Malheureusement, Flamengo a remporté son dix-septième et dernier championnat piauiense en 2009 après avoir connu deux relégations en deuxième division du championnat piauiense au cours de la décennie. En 2010, le siège du club était vendu à des investisseurs et sera revendu deux ans plus tard à une chaîne de supermarchés pour une valeur sept fois plus élevée. Depuis, le club continue de galérer, ne faisant pas mieux qu’une cinquième place (sur six équipes) lors des quatre derniers championnats du Piauí. Problème, les qualifications pour la Coupe du Brésil, la Coupe du Nordeste et la Série D brésilienne dépendent des résultats dans les championnats d’État. Ainsi, pendant que River se qualifiait pour ces trois compétitions en 2019 (avec cependant une élimination au premier tour à chaque fois), la saison 2019 de Flamengo se limitait au championnat piauiense et à dix petits matchs, dont deux contre River, d’abord un match nul 1-1, puis une défaite 2-0 devant 1 125 spectateurs. « Flamengo a rencontré tellement de problèmes que la torcida s’est éloignée. La rivalité diminue » expliquait pour Isto É Raimundo Brito, président du groupe de supporters de la Fiel Rubro-Negra.
Dans ce contexte, la finale de Copa Libertadores à venir entre Flamengo et River Plate réveille la rivalité entre les deux clubs de Teresina. « Peu importe où il y a River et des équipes tricolores, on va supporter contre eux. Nous sommes Flamengo, que ça soit dans le Piauí ou à Rio. Je vais même réunir les mecs à la maison pour voir la finale de la Libertadores » poursuit Raimundo Brito. Dans le camp d’en face, les propos sont les mêmes, avec ceux du président de la River Chopp, Ciro César Andrade : « Ce n’est pas possible de supporter contre River Plate, encore plus en jouant contre un rival.
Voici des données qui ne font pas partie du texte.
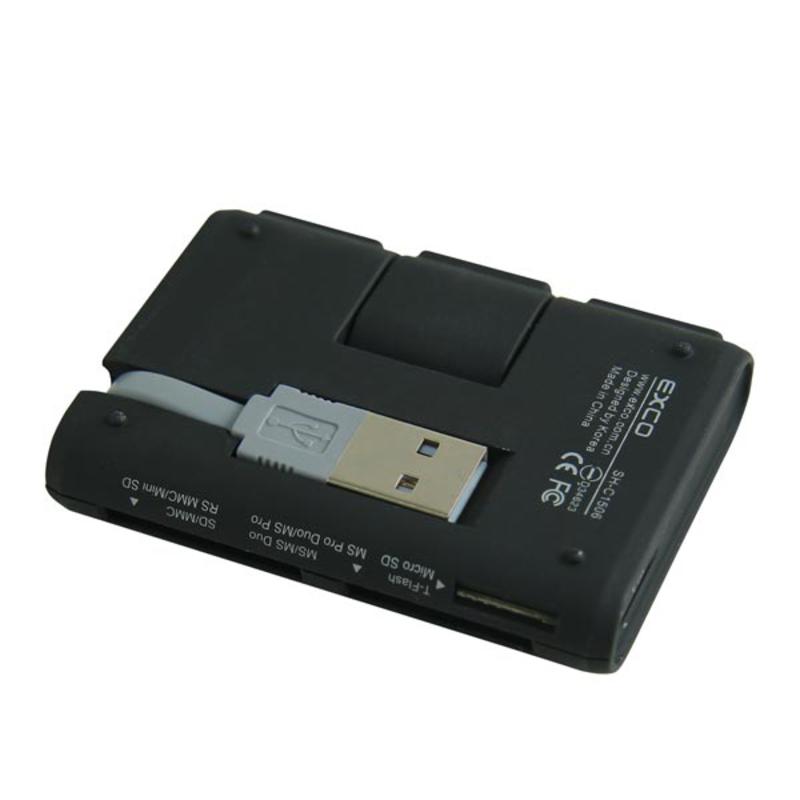 EXCO宜适酷 多功能USB HUB读卡器SH-C1506 白色/黑色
Il faut joindre l’utile à l’agréable ». À Teresina, il n’y a donc pas d’affiche entre un club brésilien et un club argentin, mais seulement un Flamengo – River, aussi bien pour les supporters que pour les dirigeants, comme le confirme le président de Flamengo-PI, Rubens de Souza : « Celui qui est Flamengo est Flamengo peu importe l’endroit. Et je suis sûr que personne du River d’ici ne va soutenir Flamengo pour la finale de Libertadores ». À 5 500 kilomètres de Lima, toute la ville de Teresina s’apprête à vibrer pour cette finale et à se déchirer entre supporters de Flamengo et de River.